28 November 2009

french kiss

still i am in paris. almost a week now. and for a week, i've wandered her streets, mastered her metro, walked upon her history, beauty, magic, and romance. and it was only today that i began to notice that everyone here is kissing.

everyone but me.

for four years i've been single. though i have dated a time or two, nothing even resembling serious has my attention been taken. and though there was one who i'd've given everything to, for the most part it's because the single life is the one i've most desired.

and here i sit in paris, in this beautiful lit city of romance, seeing the embrace and public affection of lovers.

and i'm jealous.

as much as i love, appreciate, and admire myself for conquering a country(s) whose language i can't speak, i can't help but envy the lovers who populate its streets.

for about me, i don't know what this means. maybe i'm ready for something i'm not sure i can admit (i mean, where's a girl to find a man who wants a nomadic life of changing the world?), but i know i wish that in paris i should have someone to kiss.

a city of love without someone to kiss doesn't really do much for mon amour.


26 November 2009

the normandy enigma

i visited normandy yesterday, and spent a day as lovely as it was somber, with my mind grappling with the serenity of the scene and the horror that succombed those beaches in june of 1944.

on d-day, 6 june 1944, general eisenhower launched the world's greatest invasion. allied forces, more than 150,000 in number, stormed five beaches along the northern coast of france, taking the nazi army by complete surprise, and turning the tide of world war ii. within months, germany surrendered, and the end of the world's greatest and most destructive war came soon thereafter.

i can only imagine what normandy felt, sounded, and looked like during that fateful invasions. bombs rocking the ground, the blood of fallen soldiers coloring red the waves crashing onto the shore, bullets flying, planes soaring overhead, screams of injured troops and civilians filling the air with terror, and the general sense that the hope of the future lie only in the success of this battle. fear, terror, hope, and the stench of death abound.

yesterday, though, it was serene. the beaches extraordinarily beautiful, the weather perfect. off the coast, remains of the temporary harbors remain in tact, providing only an overview of what the coast might have resembled that morning. the day was beautiful, albeit chilly (it is november), and because it's off-season, it was quiet, lonely, and barren. had i not known these beaches are best known for a military battle, i'd never've guessed as much.

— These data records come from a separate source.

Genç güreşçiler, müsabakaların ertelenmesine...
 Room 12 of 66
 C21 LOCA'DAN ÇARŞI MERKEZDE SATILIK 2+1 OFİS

the american cemetery is also very beautiful, serene, and because it sits on the cliff overlooking the english channel it's got an incredible view. the pride i felt standing amongst those thousands of crosses and memorial, overlooking the harbor from whence those men and women sacrificed their lives in furtherance of freedom, cannot be expressed. there are some feelings the english language is far too paltry to impart...

though 'twas not an easy journey (it's long and far), the landing beaches, memorials, museums, and cemeteries of normandy are places all americans should experience.


en paree

i'm in love. i could very easily add a "the end" here and be done, but such a lackluster finale is hardly my m.o.

paris is the best city ever!

it helps that i'm staying in a very cool part of the city, montmartre- the bohemian-esque neighborhood, but it's that the city possesses such a romantic aura, the hopeless romantic in me can't help but feel a kindred connection.

for the past few days, i've mostly wandered. with very few destinations in mind, i've just kind of soaked in everything about this wonderful place. obsessed as i am with military history, i've certainly seen things to feed my intellectual curiosity (les hotel invalides, normandy (my next blog), and napolean's tomb), but it's the sights, sounds, smells, and tastes of paris that've mostly fed my fancy.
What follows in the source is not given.